Dice la Real Academia de la Lengua Española que Nomadismo es la condición del nómada y tiene su origen en la palabra griega νομάς, -άδος, nomás, -ádos, que haría alusión al que vive en el campo y se traslada continuamente. Y nómada, según también la RAE, sería aquel individuo carente de un lugar estable para vivir y que está en constante viaje o desplazamiento.

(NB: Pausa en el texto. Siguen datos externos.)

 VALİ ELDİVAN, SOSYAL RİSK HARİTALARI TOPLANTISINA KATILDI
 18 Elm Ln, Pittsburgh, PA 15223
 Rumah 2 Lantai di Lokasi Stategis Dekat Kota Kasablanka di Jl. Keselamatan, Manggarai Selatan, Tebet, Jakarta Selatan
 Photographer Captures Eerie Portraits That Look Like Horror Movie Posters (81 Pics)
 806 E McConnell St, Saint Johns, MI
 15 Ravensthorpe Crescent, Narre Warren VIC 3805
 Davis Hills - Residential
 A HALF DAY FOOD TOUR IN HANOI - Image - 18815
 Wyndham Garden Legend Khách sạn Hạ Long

Nuestra especie, el Homo Sapiens Sapiens, lleva sobre este planeta en torno a 200.000 años y solo desde hace 10.000 años aproximadamente se hizo sedentario. Hemos sido un animal nómada durante más del 90% de nuestra historia, nos hemos reconvertido a sedentarios hace muy poco. Durante decenas de miles de años nos hemos movido continuamente detrás de la caza, éramos cazadores-recolectores siempre en constante movimiento, aunque solo fuera de manera estacional. De hecho, somos un animal diseñado evolutivamente para realizar largas caminatas, unos viajes a pie necesarios para perseguir recursos y buscar lugares propicios para nuestra existencia. En la actualidad aún quedan algunos pocos ejemplos de grupos humanos que siguen practicando ese nomadismo primigenio, son los restos y el recuerdo vivo de nuestra epopeya nómada como especie en el pasado: los Inuit en Groenlandia, los Tuareg en el Sáhara, los Chichimecas en México, los Yanomani y otros pueblos de la Amazonia americana, los pastores Mongoles de las estepas asiáticas o algunas tribus de África Central como los Pigmeos y los Baka…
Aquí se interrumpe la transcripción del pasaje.